After the grantor died, the bank learned of the change in trustee and beneficiaries. The new trustee entered into an investment agency agreement with the bank for the bank to continue to invest the funds for a period of time. The new trustee then terminated the investment agreement and transferred the funds to another investment firm. Shortly thereafter (but not until the investment agency agreement was terminated and the bank had no role), the bank obtained a legal opinion letter advising that the bank had an obligation to notify the former trust beneficiaries of the beneficiary revisions and the dubious circumstances involved. At least one of the former trust beneficiaries had already learned of its removal through other sources.
A will contest action was filed against the grantor’s estate by the former beneficiaries claiming undue influence. That suit was settled for $1.875 million. The subsequent trustee then brought suit against the bank to recover the $1.875 million the estate paid to settle with the former beneficiaries.
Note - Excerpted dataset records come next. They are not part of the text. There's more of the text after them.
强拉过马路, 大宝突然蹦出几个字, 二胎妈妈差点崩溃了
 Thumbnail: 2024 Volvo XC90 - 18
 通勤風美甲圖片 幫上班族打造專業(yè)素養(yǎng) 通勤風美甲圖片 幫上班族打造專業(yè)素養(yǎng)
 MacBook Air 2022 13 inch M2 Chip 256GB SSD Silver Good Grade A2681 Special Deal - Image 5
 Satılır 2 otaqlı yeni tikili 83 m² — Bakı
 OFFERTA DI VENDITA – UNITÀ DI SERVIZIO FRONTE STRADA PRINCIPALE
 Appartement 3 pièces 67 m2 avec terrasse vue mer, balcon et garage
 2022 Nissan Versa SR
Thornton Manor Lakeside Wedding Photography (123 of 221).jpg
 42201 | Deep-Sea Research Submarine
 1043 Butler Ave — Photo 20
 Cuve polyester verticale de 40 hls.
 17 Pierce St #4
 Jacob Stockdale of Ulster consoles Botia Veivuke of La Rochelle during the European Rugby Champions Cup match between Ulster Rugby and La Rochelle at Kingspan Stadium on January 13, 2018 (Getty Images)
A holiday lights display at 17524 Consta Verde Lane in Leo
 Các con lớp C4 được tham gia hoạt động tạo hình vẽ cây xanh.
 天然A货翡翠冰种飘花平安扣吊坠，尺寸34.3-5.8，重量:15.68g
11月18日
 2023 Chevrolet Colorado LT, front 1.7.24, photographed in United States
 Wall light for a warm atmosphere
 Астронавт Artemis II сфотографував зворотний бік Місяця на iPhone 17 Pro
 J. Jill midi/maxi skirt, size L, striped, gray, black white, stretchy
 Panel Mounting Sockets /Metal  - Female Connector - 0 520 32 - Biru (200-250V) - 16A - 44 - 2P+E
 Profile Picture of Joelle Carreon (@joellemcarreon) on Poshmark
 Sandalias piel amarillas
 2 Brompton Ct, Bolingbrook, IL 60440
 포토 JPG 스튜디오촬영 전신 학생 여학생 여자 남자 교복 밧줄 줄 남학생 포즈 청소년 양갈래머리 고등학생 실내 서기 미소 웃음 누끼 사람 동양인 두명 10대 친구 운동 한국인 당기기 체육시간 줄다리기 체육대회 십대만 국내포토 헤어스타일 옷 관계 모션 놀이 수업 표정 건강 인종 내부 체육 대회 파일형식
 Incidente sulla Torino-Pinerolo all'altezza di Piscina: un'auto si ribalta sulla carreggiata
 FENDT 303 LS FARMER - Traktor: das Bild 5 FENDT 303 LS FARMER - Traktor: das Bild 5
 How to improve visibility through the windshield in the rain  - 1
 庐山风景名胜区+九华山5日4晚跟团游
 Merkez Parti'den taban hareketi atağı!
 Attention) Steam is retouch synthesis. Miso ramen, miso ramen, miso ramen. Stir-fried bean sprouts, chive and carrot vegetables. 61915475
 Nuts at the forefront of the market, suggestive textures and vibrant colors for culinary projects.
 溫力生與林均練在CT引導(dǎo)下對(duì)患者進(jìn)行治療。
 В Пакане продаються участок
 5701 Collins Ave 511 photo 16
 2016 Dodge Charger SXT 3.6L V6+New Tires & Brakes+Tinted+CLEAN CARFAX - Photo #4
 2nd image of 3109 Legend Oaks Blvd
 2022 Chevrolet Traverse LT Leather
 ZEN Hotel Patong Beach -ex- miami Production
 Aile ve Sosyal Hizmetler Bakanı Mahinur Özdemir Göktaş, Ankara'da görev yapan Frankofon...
The new trustee claimed the bank breached duties owed to the grantor and estate when it disclosed confidential information about the trust to the former beneficiaries. The Supreme Court rejected that claim, holding that the bank’s actions to inform the former beneficiaries they had been removed from the trust and that there may have been some undue influence, did not violate any obligation it owed to the grantor. In fact, the bank was legally obligated to provide the charities and church the disclosed information. The Supreme Court did note that the bank was much delayed in taking action until after it was removed as both trustee and then as investment agency. But even so, the Supreme Court rejected a “sour grapes” motivation and looked to the applicable standard, finding that even a former trustee remained under the obligation to make the disclosures and there was no claim for damages from the delay in the disclosure.
The extent or reach of the opinion in circumstances without any evidence of undue influence is open for future debate. Absent legislative modification limiting KRS 386.715 to irrevocable trusts, trustees must weigh carefully the need to disclose beneficiary changes. Further legal analysis may be required to protect a trustee from exposure in future circumstances.